We often lament the villainy of Big Pharma, but we might also want to offer a little consideration for the perfidy of the shadowy middlemen, the PBMs, who operate out of the view of regulators, consumers, and the media, and bring in more than $200 billion annually to manage prescription services for insurers. PBMs are one of the reasons that while the United States represents only 15 percent of the global insulin market, it is responsible for almost half of all revenues from insulin.
PBMs are so egregious, in fact, that both Democrats and Republicans are now looking at cracking down on them. In May, Republican senator Charles Grassley joined with Democratic senator Maria Cantwell to introduce legislation empowering the Federal Trade Commission and state attorneys to go after “unfair and deceptive” PBM practices that ramp up drug prices. Other Republican senators, including New Hampshire’s Jeanne Shaheen and Maine’s Susan Collins, are backing legislation capping PBM insulin rebates.
But don’t somehow think drug makers’ hands are clean. In May 2017, a lawsuit filed in a Los Angeles federal court alleged that one of the insulin Big Three, Novo Nordisk, colluded with the PBM OptumRx in an “illegal pricing scheme” to inflate the price of Victoza, a diabetes drug (not an insulin, but a complementary medication for type 2 diabetes that helps control blood glucose).

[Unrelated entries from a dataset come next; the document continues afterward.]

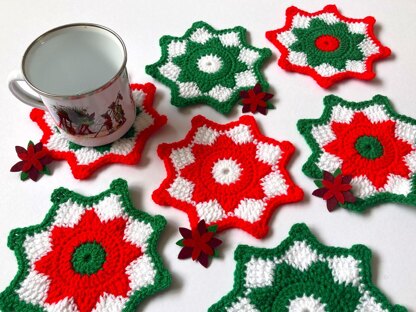 Christmas flower coaster II by HueLaVive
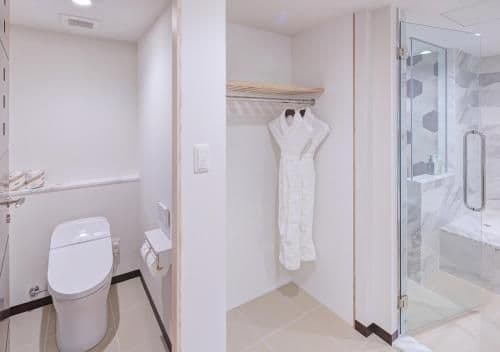 Infinity Suite with Sea View - Top Floor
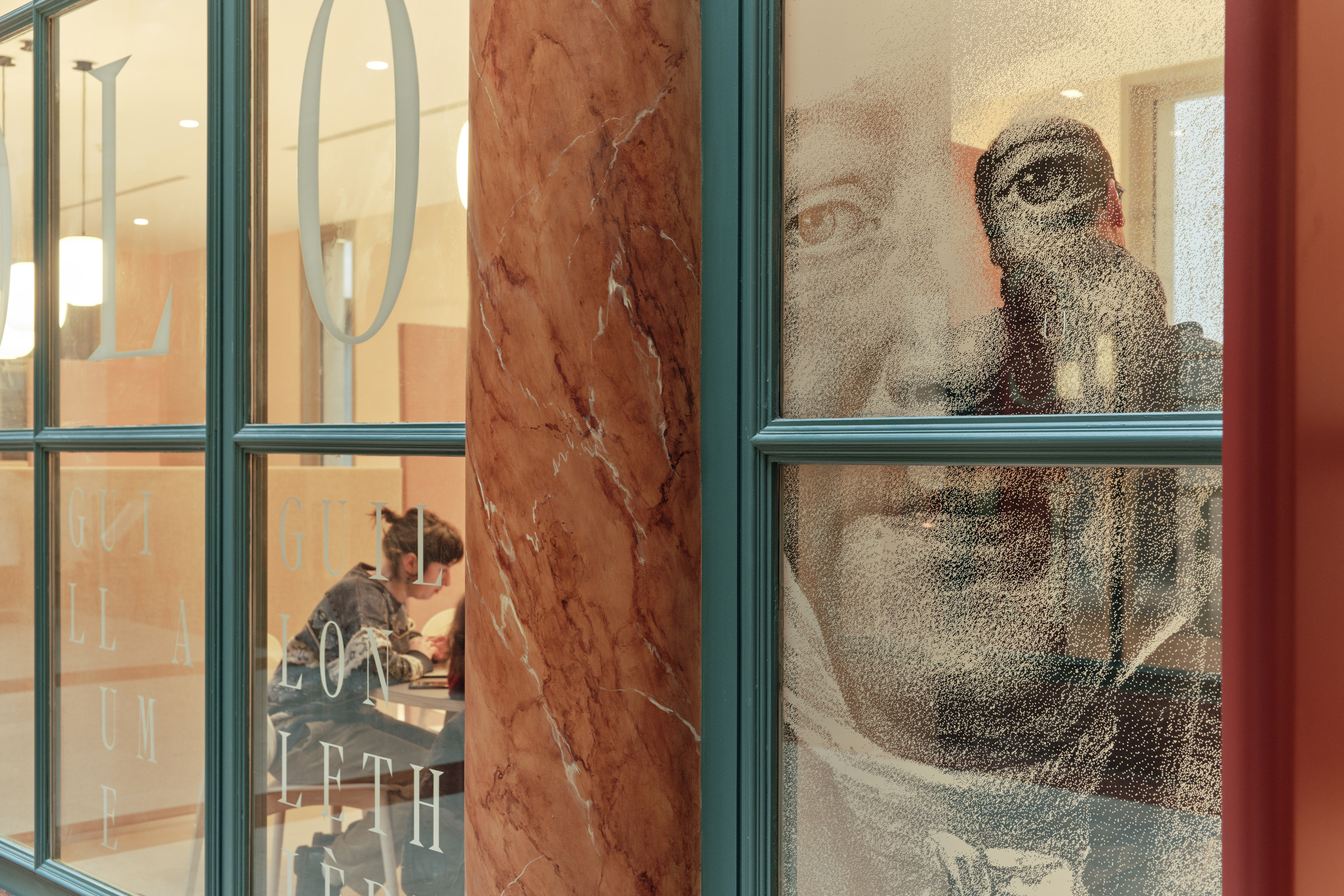 Institut national d'histoire de l'art GR20 design graphique signaletique paris branding graphic fashion food drinks culture luxury architecture 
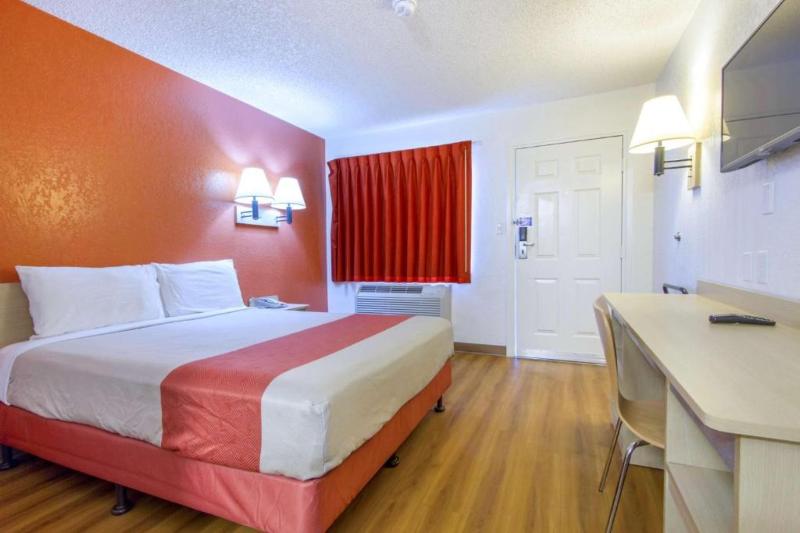 Motel 6 Phoenix, AZ - Airport - 24th Street image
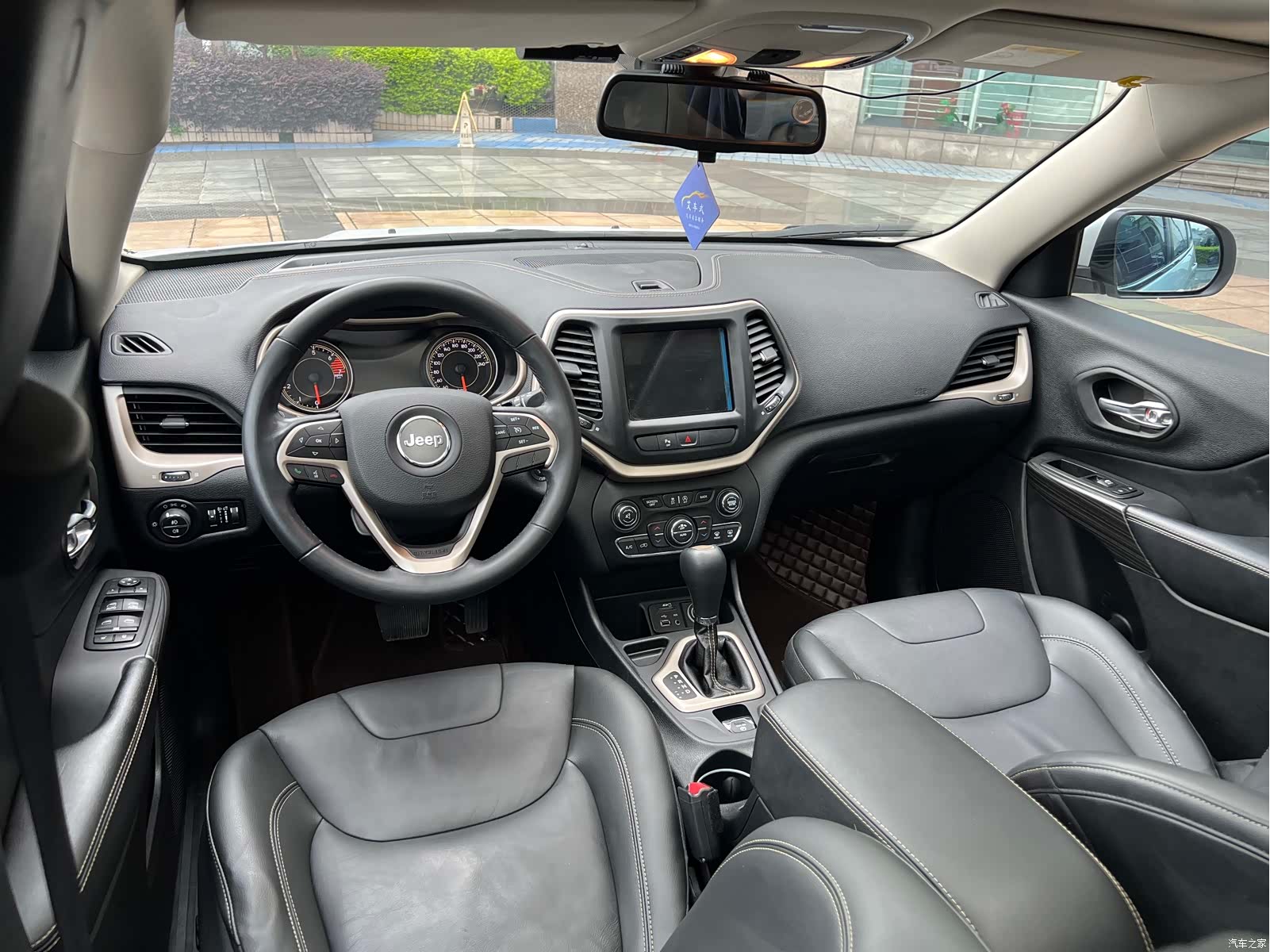Jeep Cherokee, 2019 11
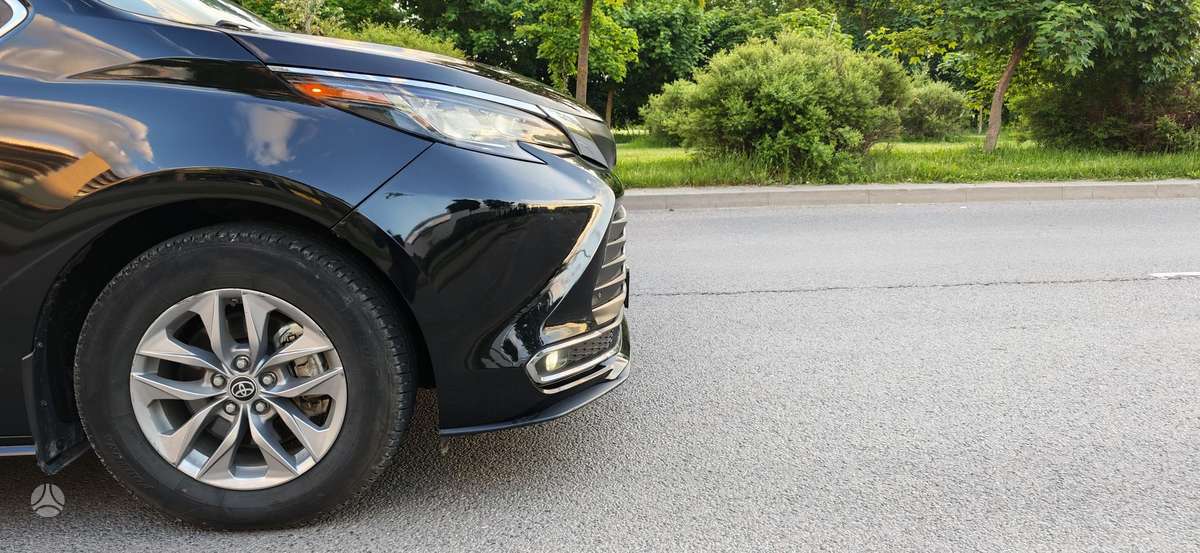 Toyota Sienna, 2.5 l., mpv / minivan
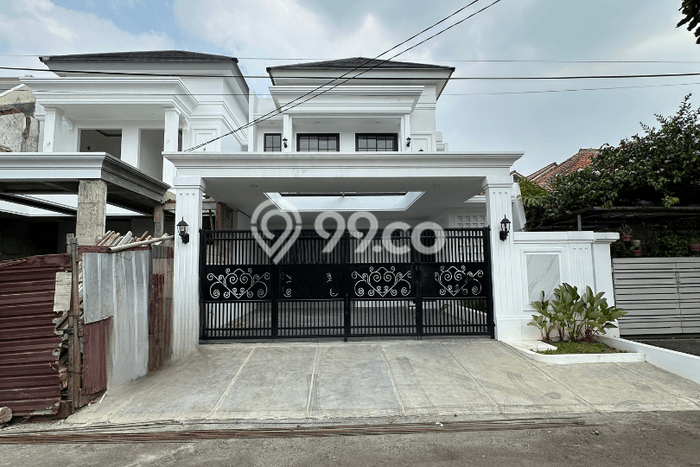 Rumah Luxury Modern Siap Huni di Cinere Jakarta Selatan Rumah Luxury Modern Siap Huni di Cinere Jakarta Selatan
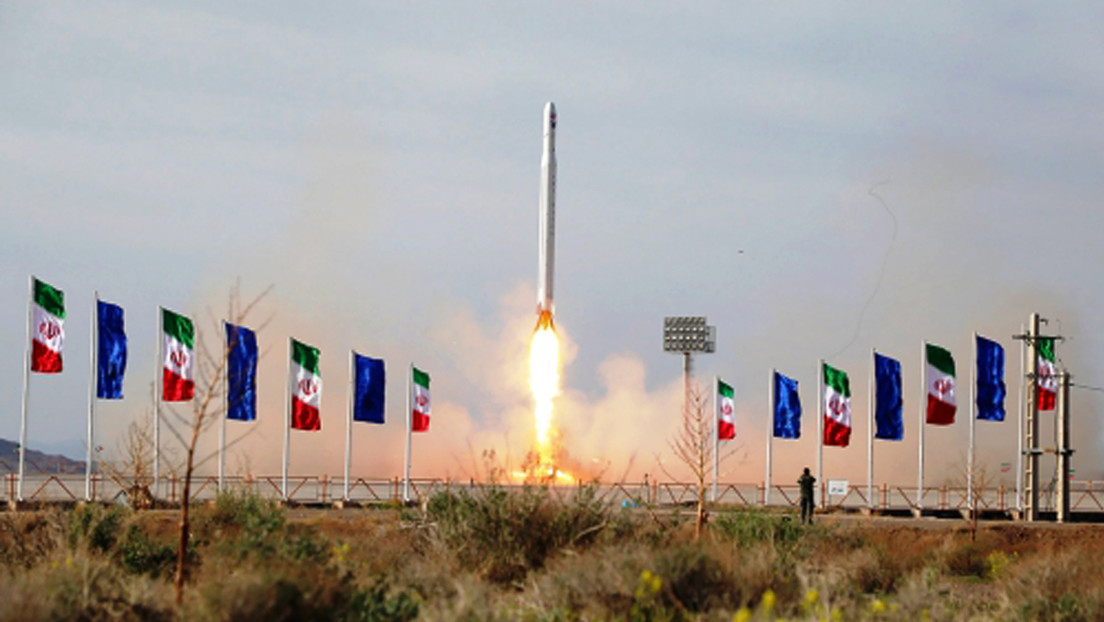 VIDEO: El momento exacto en que Irán lanza su primer satélite militar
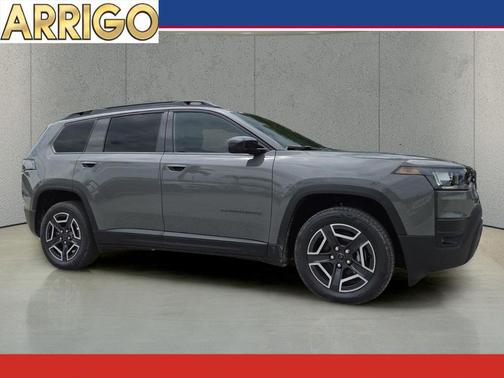 Sting-Gray Clearcoat 2026 Jeep Cherokee Laredo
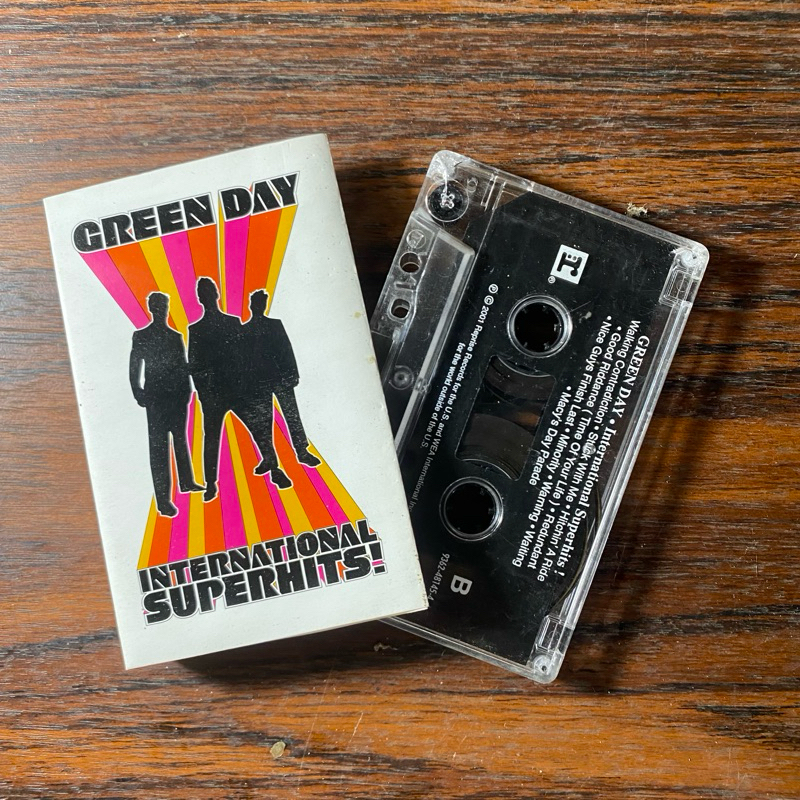 KASET PITA GREEN DAY - INTERNATIONAL SUPERHITS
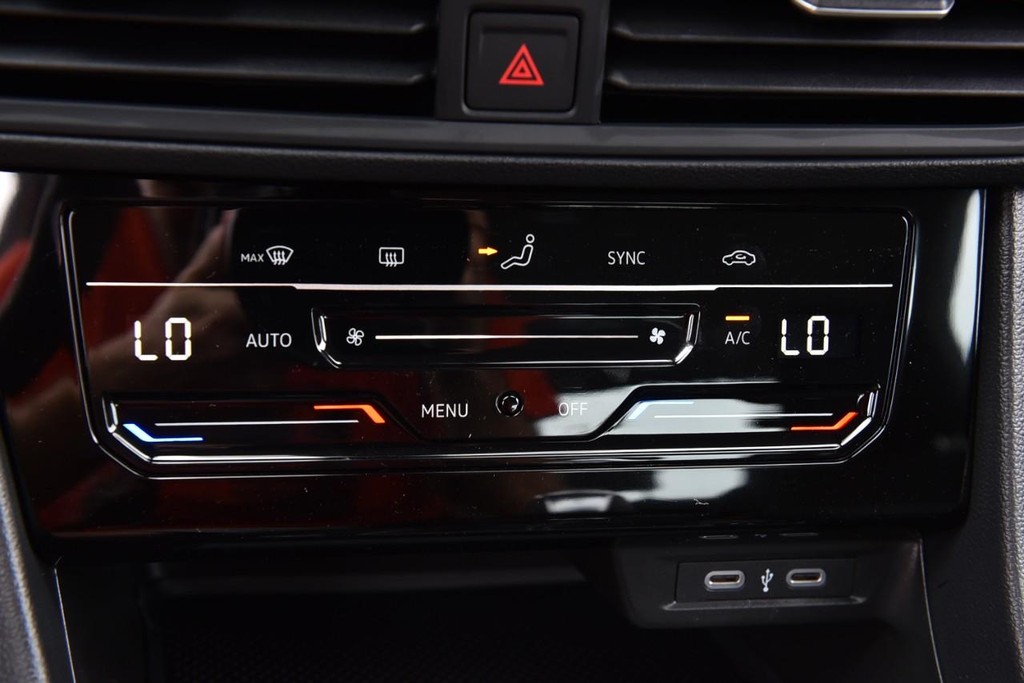 Volkswagen Jetta Vehicle Full-screen Gallery Image 15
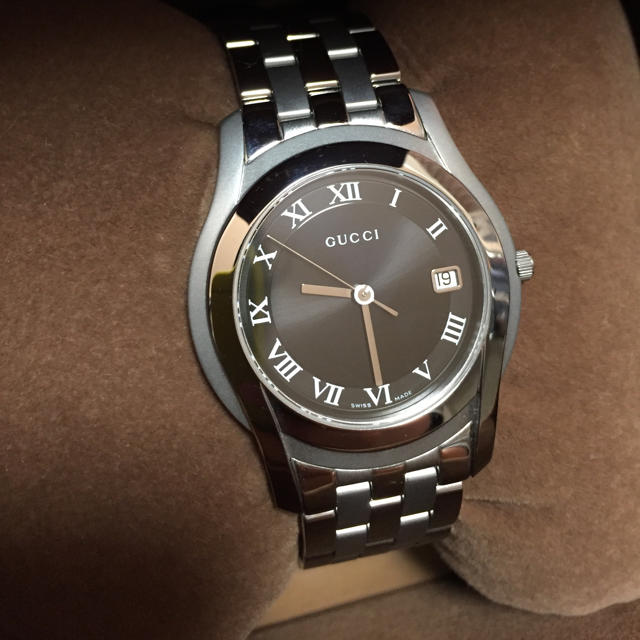 Gucci - 極美 定価12万GUCCI メンズ腕時計の通販 by J shop｜グッチならラクマ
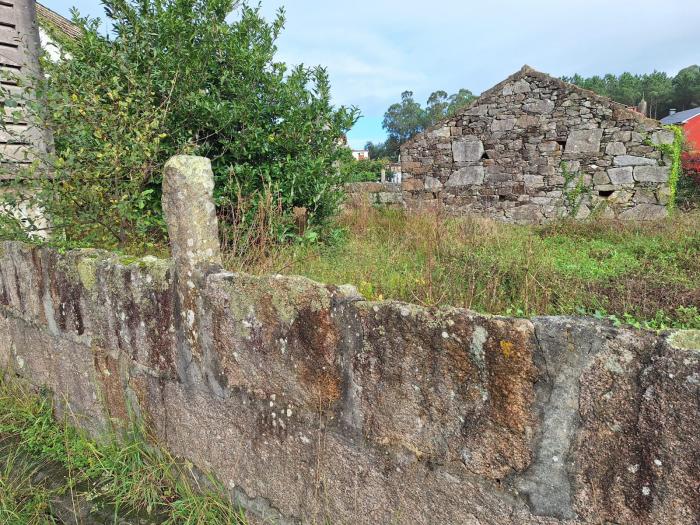 Se vende casa para restaurar en Oleiros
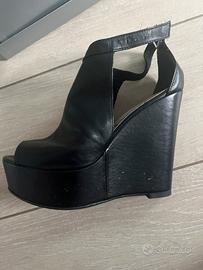 Scarpe con zeppa nere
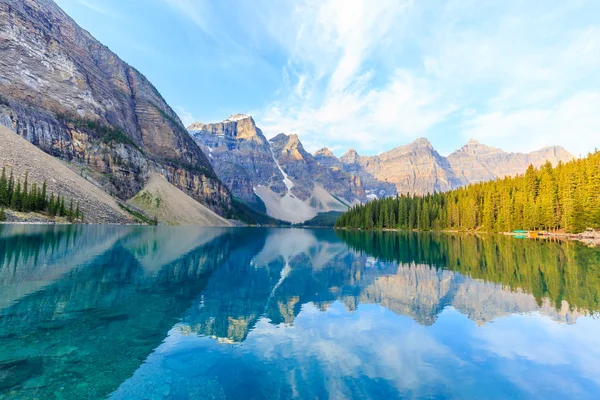 Moraine Lake, kanadensiska Klippiga bergen — Stockfoto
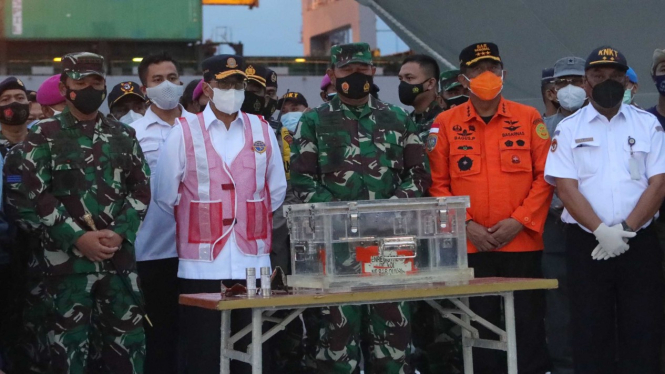 Kotak Hitam (Black Box) Pesawat Sriwijaya Air Ditemukan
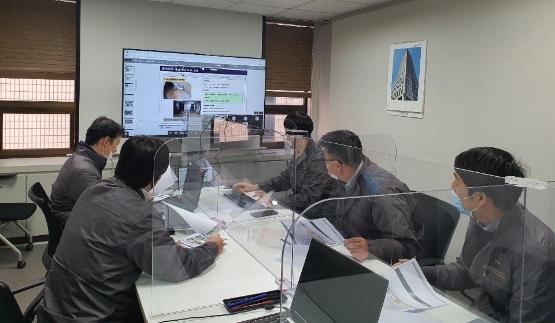 반도건설과 협력사가 온택트 화상회의를 통해 기술지원 프로그램을 진행하고 있다. /사진 제공 = 반도건설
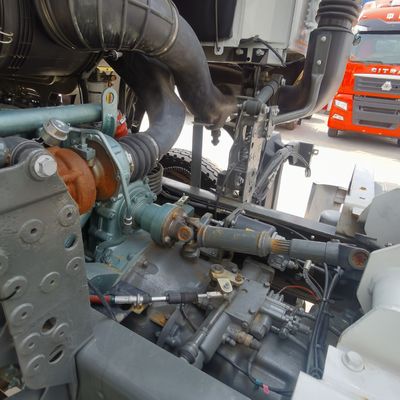 Caminhão portátil de mistura de cimento com chassi e pneus Sinotruk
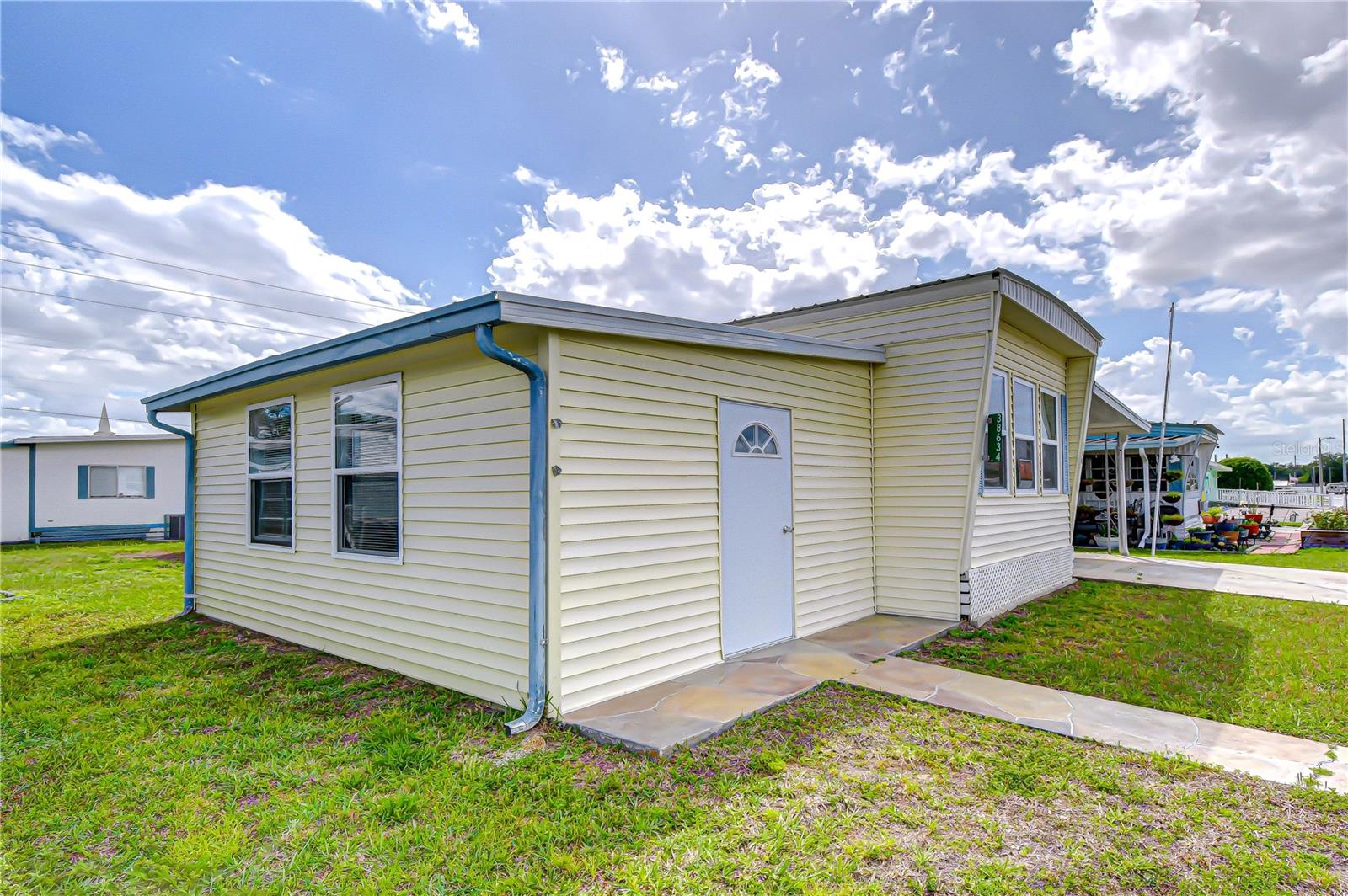 SLEEPY HOLLOW MOBILE ESTATES - Residential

And even if the PBM crackdown is successful, it won’t solve the deeper problem that stems from insulin’s special characteristics.
The Canadian Option
Insulin’s unique characteristics have led some clinicians, chemists, and public health officials to call the drug a natural monopoly. “Unlike small molecules that are granted artificial monopolies, biologics are best described as natural monopolies,” a quartet of clinical specialists wrote in Health Affairs last year. “They are protected by barriers to entry stemming from the scientific uncertainty that arises from their structural complexity; these barriers are expensive, time-consuming and risky to breach.”
As a natural monopoly, they argue, insulin requires some form of price regulation to prevent producers from charging whatever they like. This could take a number of forms. The Centers for Medicare and Medicaid services could refuse to pay the higher price for the originator drugs and only buy biosimilars. The secretary of Health and Human Services could negotiate drug prices on behalf of all Americans. There could be limits on pricing that permit cost of production plus some top up, or prices that deliver a restricted return on investment or some other specified margin. In other words, price controls.
These are all creative ideas. And aren’t price controls how Canada keeps its insulin costs so much lower than the US anyway? That’s certainly part of the story.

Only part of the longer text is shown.